EXERCISE: Once you have found the line with "Pá Carregadeira Case Construction W20F 2021" in the records below, retype it and every line after it to the end exactly, with no pictures and nothing more.

Start of EXERCISE INPUT

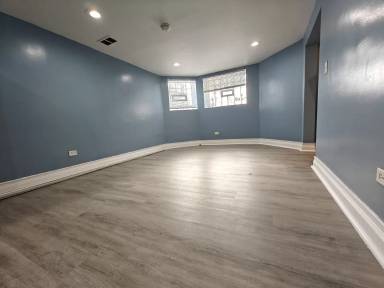 Main picture of 4300 W Wilcox St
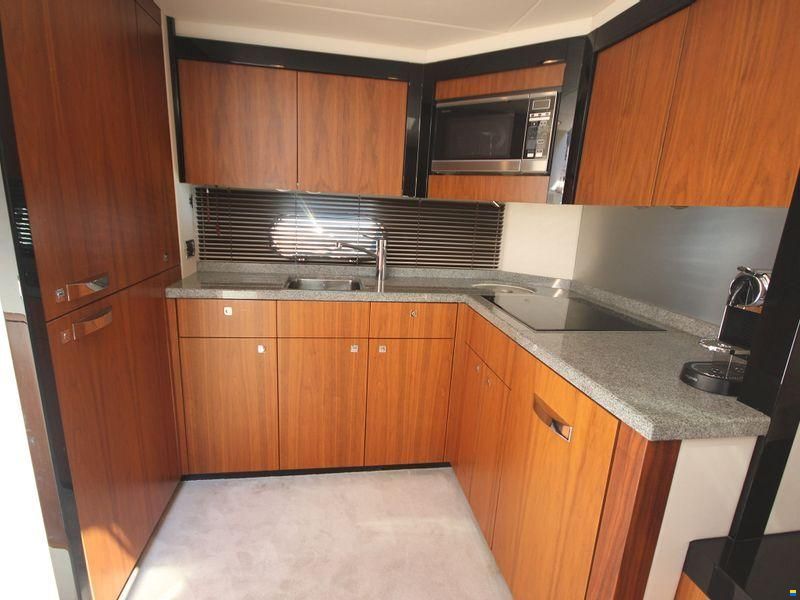 Sunseeker Predator 60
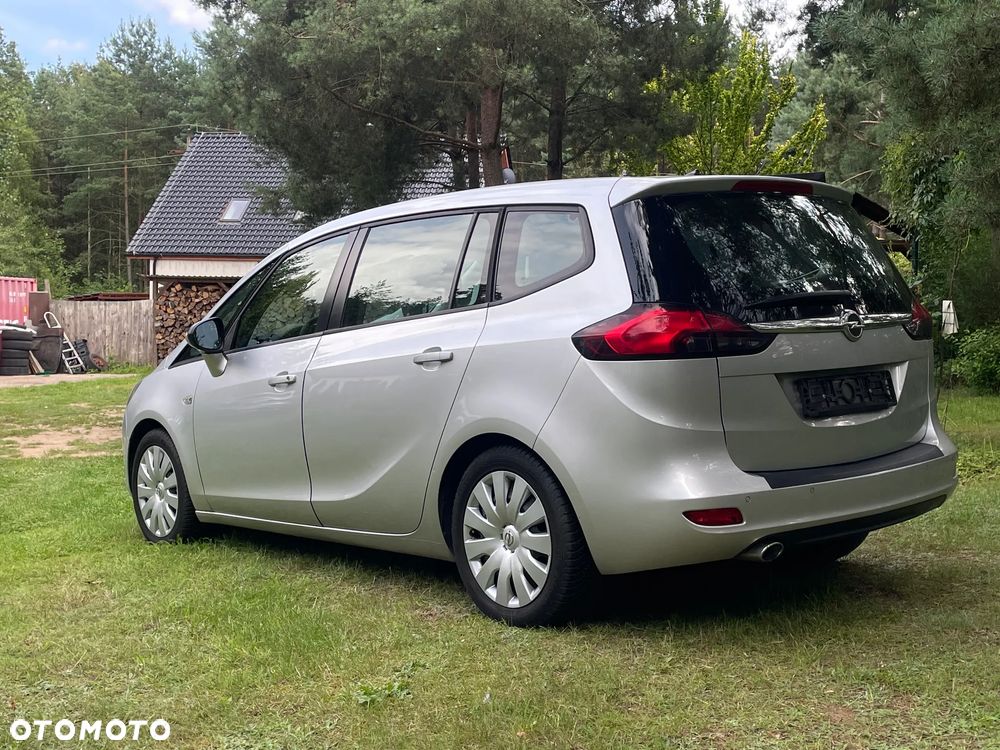 Opel Zafira - 4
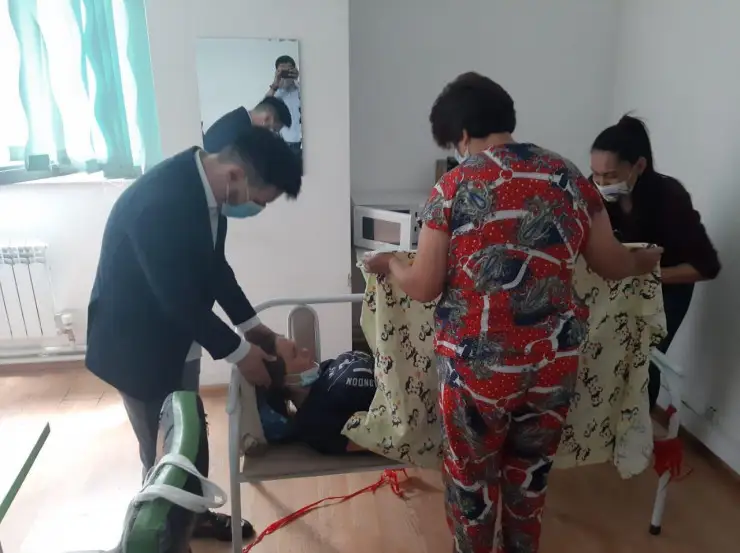 Алматыда халыққа қызмет көрсету орталығында  жүкті әйел босанды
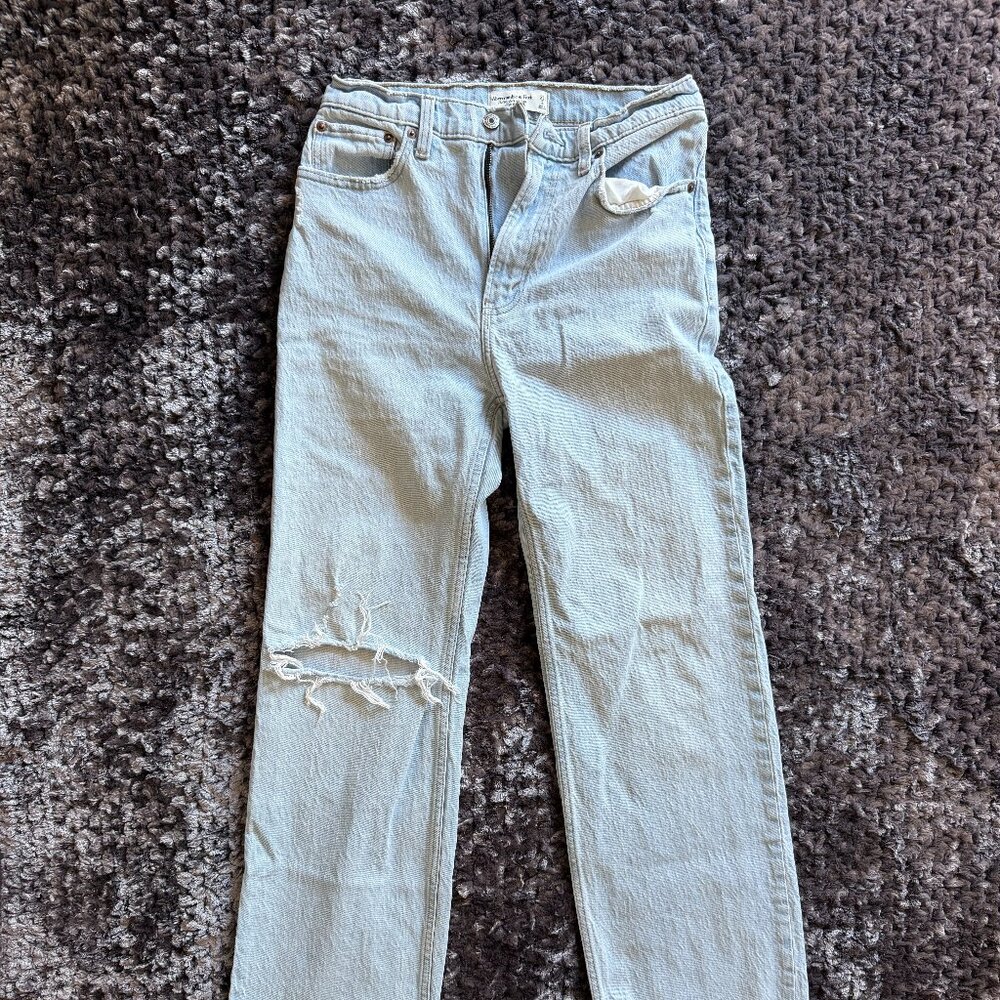 Abercrombie High Rise 90s Relaxed Jean (Size 26S, Light Destroy)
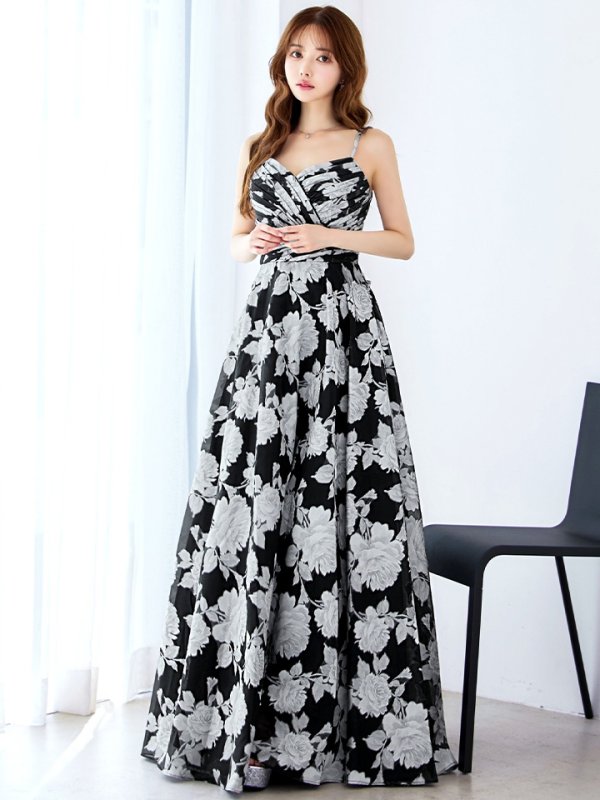 ブラックシルバー モデル：ゆめ　身長：160cm　着用サイズ：8号(Sサイズ)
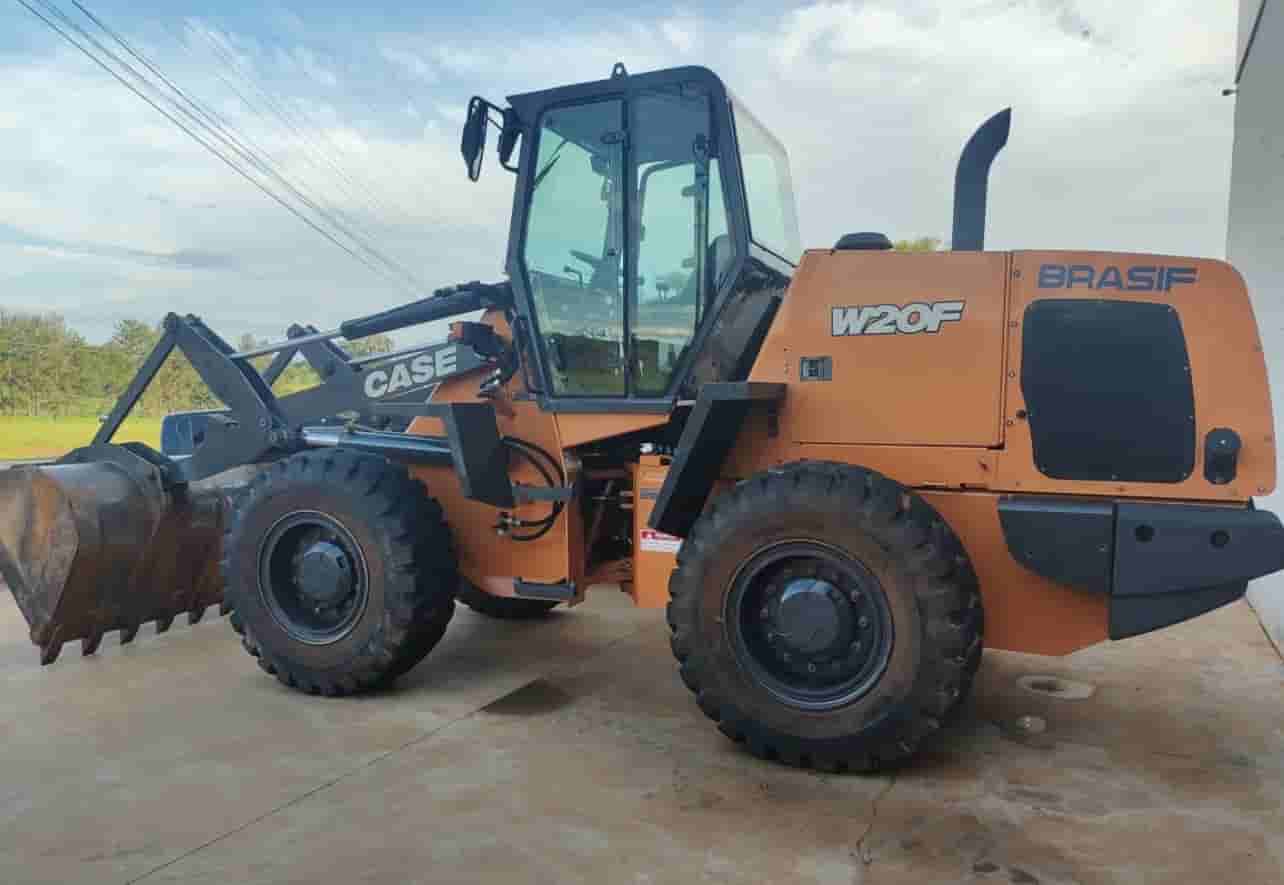 Pá Carregadeira Case Construction W20F 2021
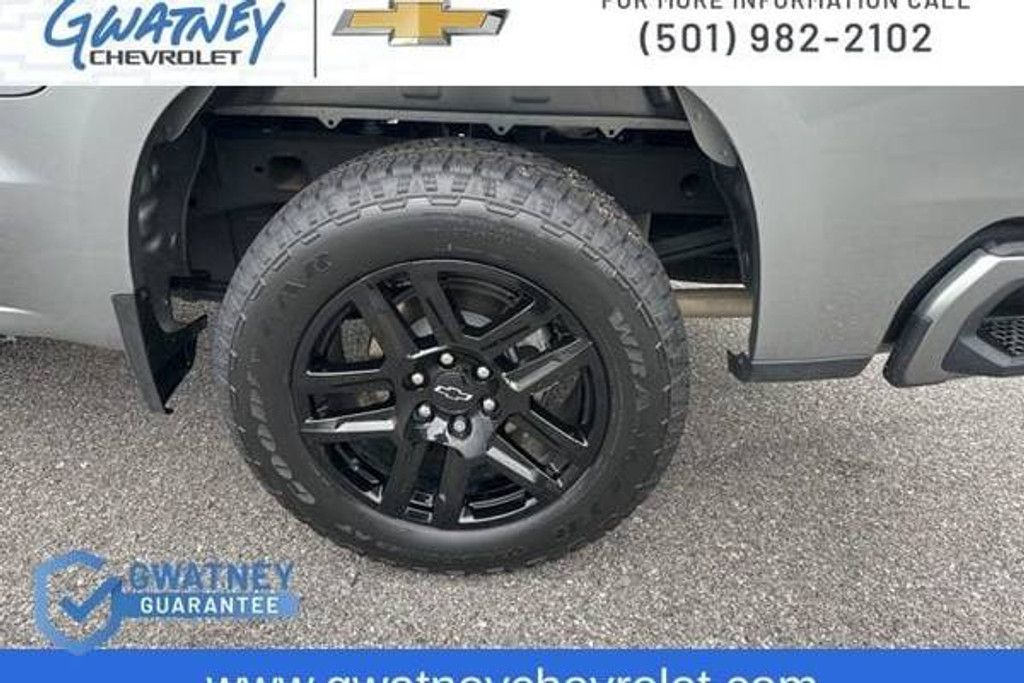 2024 CHEVROLET Silverado - photo 10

End of EXERCISE INPUT

COMPLETED EXERCISE:
 Pá Carregadeira Case Construction W20F 2021
 2024 CHEVROLET Silverado - photo 10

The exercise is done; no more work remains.